** Information given follows **

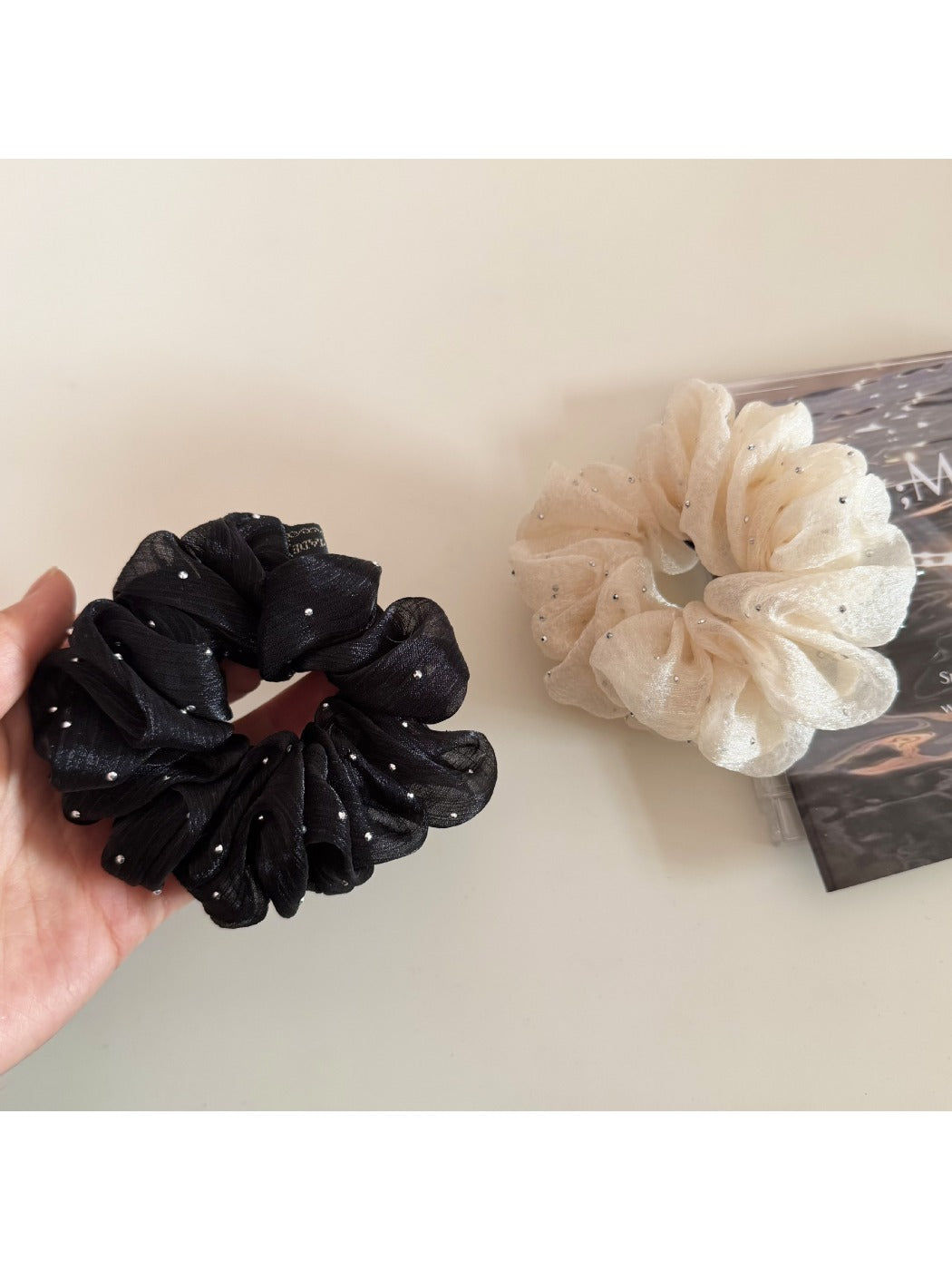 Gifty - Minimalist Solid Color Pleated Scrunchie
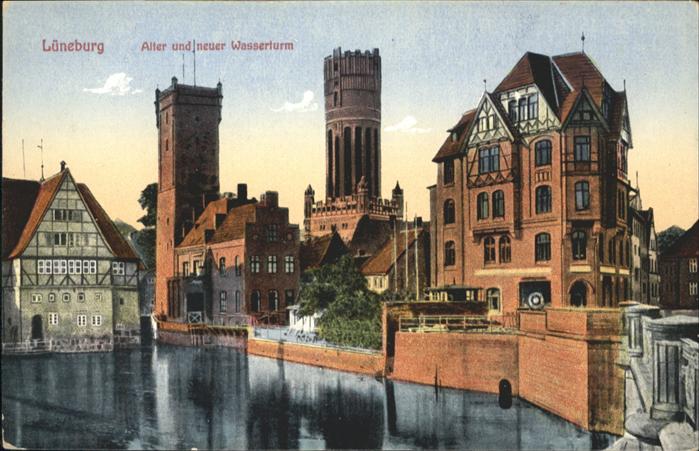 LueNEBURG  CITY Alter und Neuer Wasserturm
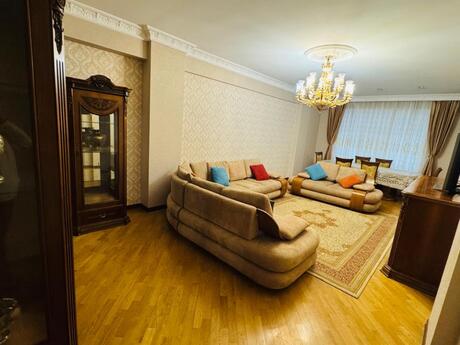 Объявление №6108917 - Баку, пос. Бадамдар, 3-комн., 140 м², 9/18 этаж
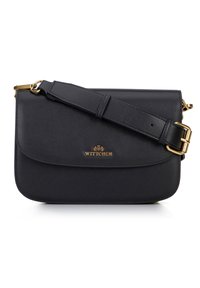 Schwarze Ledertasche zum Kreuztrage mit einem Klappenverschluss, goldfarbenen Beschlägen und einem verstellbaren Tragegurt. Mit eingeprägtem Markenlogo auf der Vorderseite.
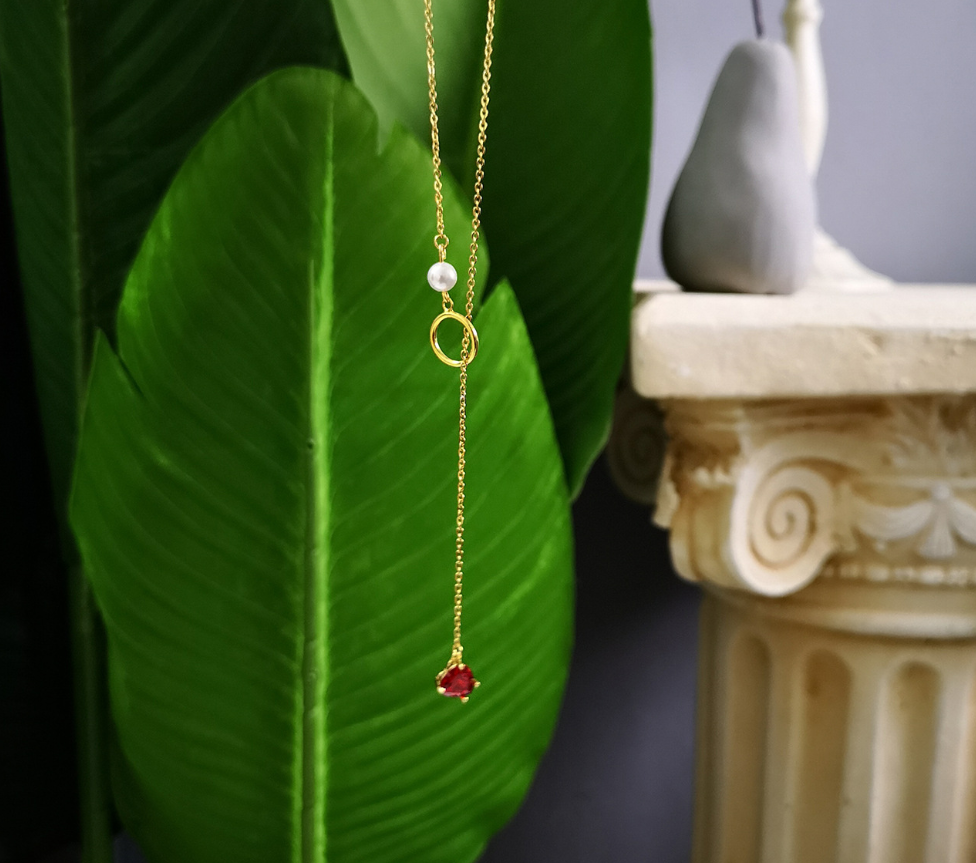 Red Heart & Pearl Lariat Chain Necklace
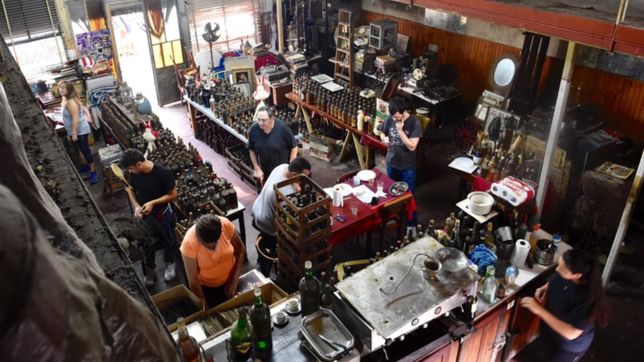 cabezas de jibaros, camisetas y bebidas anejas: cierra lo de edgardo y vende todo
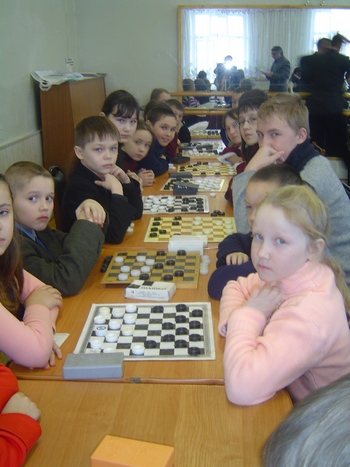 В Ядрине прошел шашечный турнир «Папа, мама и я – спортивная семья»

** End of Information given **

Required action
The reply should hold every record, unchanged, and no pictures.

Exercise output
 Gifty - Minimalist Solid Color Pleated Scrunchie
 LueNEBURG  CITY Alter und Neuer Wasserturm
 Объявление №6108917 - Баку, пос. Бадамдар, 3-комн., 140 м², 9/18 этаж
 Schwarze Ledertasche zum Kreuztrage mit einem Klappenverschluss, goldfarbenen Beschlägen und einem verstellbaren Tragegurt. Mit eingeprägtem Markenlogo auf der Vorderseite.
 Red Heart & Pearl Lariat Chain Necklace
 cabezas de jibaros, camisetas y bebidas anejas: cierra lo de edgardo y vende todo
 В Ядрине прошел шашечный турнир «Папа, мама и я – спортивная семья»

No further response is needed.